Bangladesh's spirit was snuffed in the first half when they were caught out without a plan by the Afridi redux - as aggressive as the marauder of old, but inventive and measured as well. These are early days yet, but captaincy is bringing out the best in Afridi. He has retained the willingness to attack but, entrusted with the responsibility of shepherding a young team, has weeded out the risks. Without having to heave across the line, at least until he gets set, Afridi once again showed he has the range to score at enviable pace.
Having collared Sri Lanka's attack in more trying conditions, Afridi barely broke a sweat today. With Umar Akmal already in the groove when he entered in the 29th over, Afridi worked the spinners around for a couple of overs. He flexed his muscles in the 32nd, lofting Suhrawadi Shuvo over long on for six and cashing in on the over-compensation by pulling for four. There were two strokes of luck soon after: an inside edge missed the stumps, and a skier was dropped by Mashrafe Mortaza. After that, however, Afridi unleashed and Pakistan accelerated at a ridiculous rate.
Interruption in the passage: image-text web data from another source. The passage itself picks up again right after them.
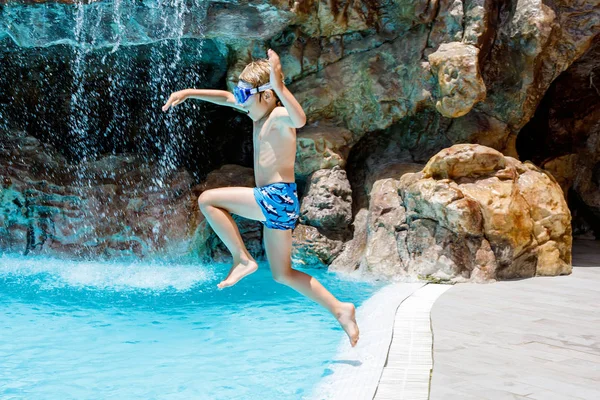 Feliz niño saltando en la piscina y divirtiéndose en vacaciones familiares en un complejo hotelero. Niño sano jugando en el agua — Foto de Stock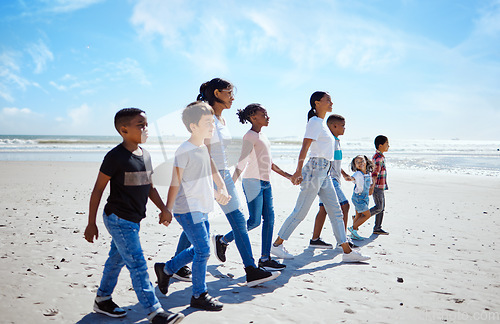 Image of Summer, children and friends walking on the beach, holding hands together for holiday or vacation. Nature, diversity and walk with a kids group bonding by the sea or ocean in the day for community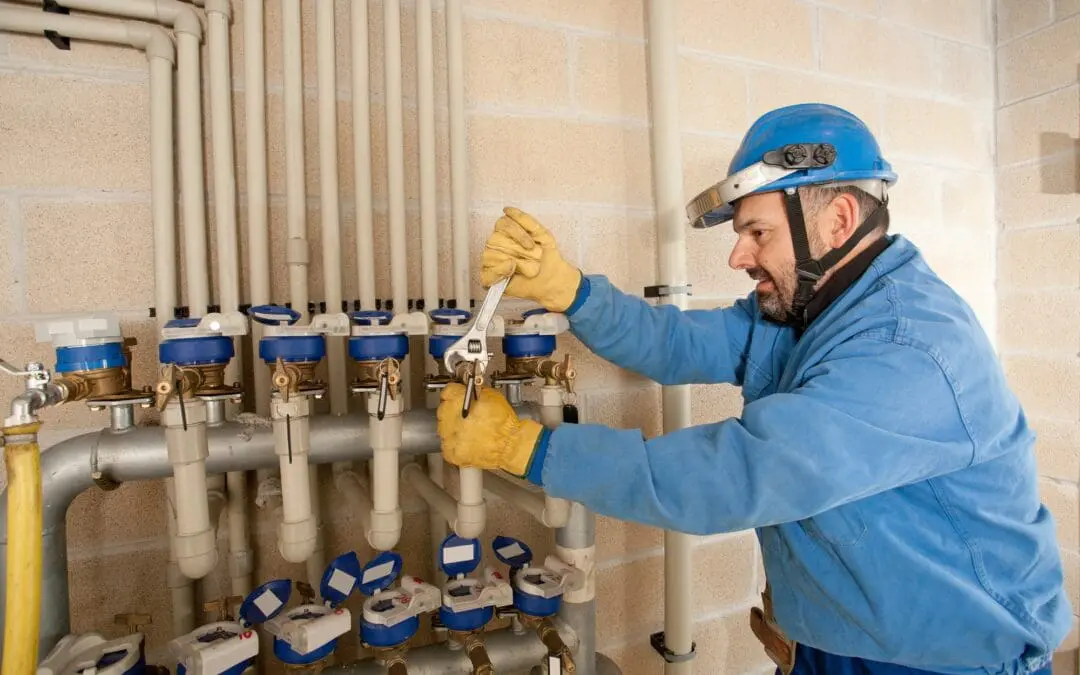 A technician works on plumbing valves in a utility room during the day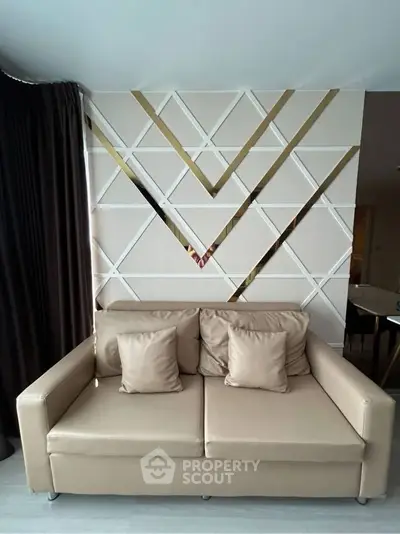 Modern living room with stylish geometric wall design and beige sofa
An extra-cover drive, a tickle and a whiplashed cut off Mortaza gave Bangladesh a trailer of what was to follow. After reaching his fifty in the 41st over, Afridi plundered 39 off 10 balls, with eight fours and a six, off Mahmudullah, Shakib Al Hasab and Shafiul Islam. The two batsmen had been tied on 41 at the end of the 39th over; five overs later, Umar had reached a steady fifty, while his captain was three short of a hundred. Umar departed in the 45th over, just before the batting Powerplay.
In the 46th, Afridi helped Razzak to fine leg to reach 100, off 53 balls, and in the same over he cut for four more before finishing with a loft over long on for his 271st six - the most by any batsman in ODI history. He smashed another length offering from Shafiul for No. 272 and stole one more four before his one-handed pull landed in the hands of square leg. Abdul Razzaq hustled 21 off nine balls, leaving the hapless Shafiul nursing figures of 3 for 95. The last ball of the innings was smeared over long off for six - Bangladesh had bled 120 runs in the last nine overs, and Pakistan had reached their highest ODI total, eclipsing a 13 year-old record, that was set up by - take a guess.
Before Afridi's assault, Pakistan's openers laid the foundation in more sober fashion. After spanking his second ball for a six over extra cover, Shahzaib Hasan served notice of both his strengths and intentions by repeatedly driving Mashrafe Mortaza on the up. Shahzaib rushed to his maiden ODI fifty before he fell trying to heave Abdur Razzak across the line in the 13th over, having dominated the opening stand of 81 in 12.3 overs.
With Shahzaib scoring freely, Imran Farhat had the breathing space to play out the seamers before settling in against spin. Having brought up his seventh ODI fifty, he succumbed to his own cheekiness, missing a late cut off Shakib. Bangladesh's spinners rallied in the period of play following the 25-over mark, culminating in Asad Shafiq's stumping in the 29th over. That was the Bangladesh captain's 100th ODI wicket, and it gave his side an outside chance to seize the initiative, but his opposite number upset his plans.
Bangladesh's batsmen, reeling from the carnage, focused on batting out fifty overs instead of taking a shot at the target. Their approach ensured there was no interest left in the second half of the contest. Imrul Kayes was the biggest culprit, dawdling around without any intent to score, while Tamim Iqbal showed characteristic spunk in taking on Mohammad Asif. He had driven, flicked and pulled him for fours before Asif struck with a slow and short off-cutter. With Tamim's dismissal, Bangladesh's hopes of making anything out of the game receded. In an inexplicable display that underlined the rift between Bangladesh and the rest, Kayes and Junaid Siddique settled in to accumulate. Despite cutting out all risks against a spirited but tired attack, neither of them could reach three-figures. Siddique eventually unfurled a few shots for the gallery, but no one was applauding.